• [Task objective]:
Your answer must be an exact transcription of the data, with every picture omitted.

• [Information supplied]:
§ §

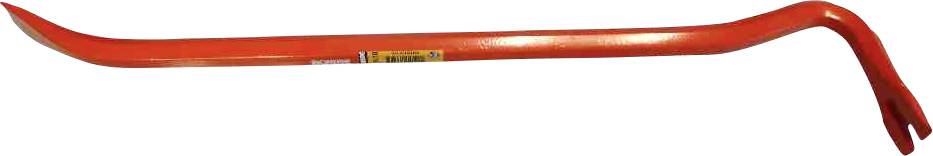 Ein rotes Brecheisen mit gebogenen Enden, eines davon flach und das andere leicht abgewinkelt, liegt auf weißem Hintergrund.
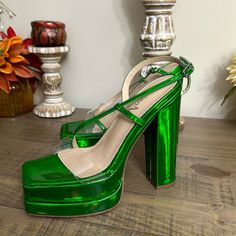 Vivianly Metallic Green Clear Toe Strap Platform Wide Heel Sandals Never Worn New No Tags Size 8 Green Sandals With Heel Strap For Party, Green High Heel Party Sandals, Green High Heel Sandals For Party, Green Ankle Strap Sandals For Party, Green Open Toe Heels For Party, Green Platform Sandals For Party, Green Open Heel Sandals For Night Out, Green Ankle Strap Heels For Night Out, Green Sandals With Heel Strap For Night Out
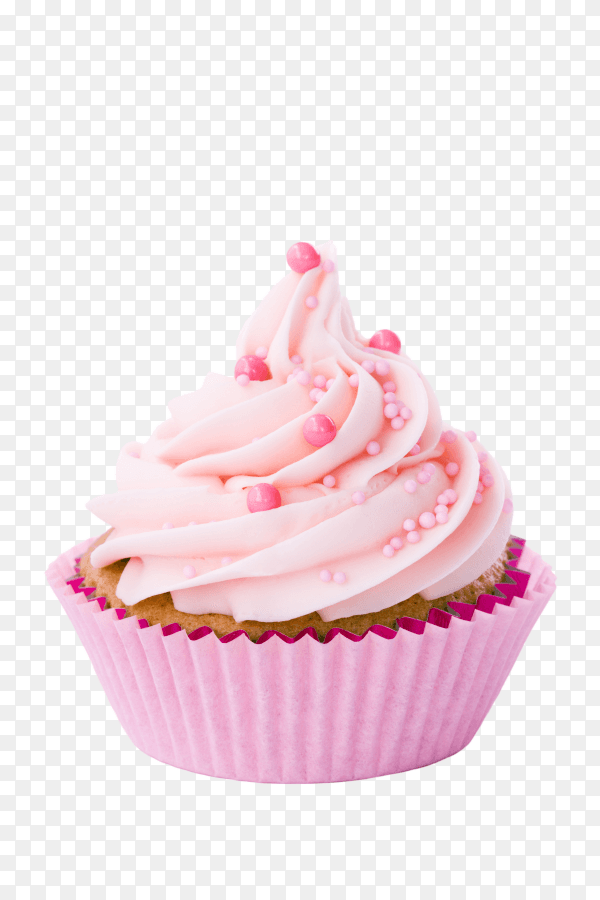 Delicious pink cupcake isolated on transparent background PNG
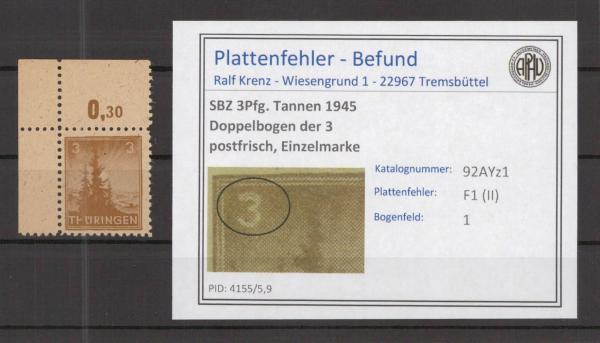 SBZ_1945_PLATTENFEHLER_Nr_92AYz1_II_postfrisch_Bild1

§ §

• [Problem solution]:
 Ein rotes Brecheisen mit gebogenen Enden, eines davon flach und das andere leicht abgewinkelt, liegt auf weißem Hintergrund.
 Vivianly Metallic Green Clear Toe Strap Platform Wide Heel Sandals Never Worn New No Tags Size 8 Green Sandals With Heel Strap For Party, Green High Heel Party Sandals, Green High Heel Sandals For Party, Green Ankle Strap Sandals For Party, Green Open Toe Heels For Party, Green Platform Sandals For Party, Green Open Heel Sandals For Night Out, Green Ankle Strap Heels For Night Out, Green Sandals With Heel Strap For Night Out
 Delicious pink cupcake isolated on transparent background PNG
 SBZ_1945_PLATTENFEHLER_Nr_92AYz1_II_postfrisch_Bild1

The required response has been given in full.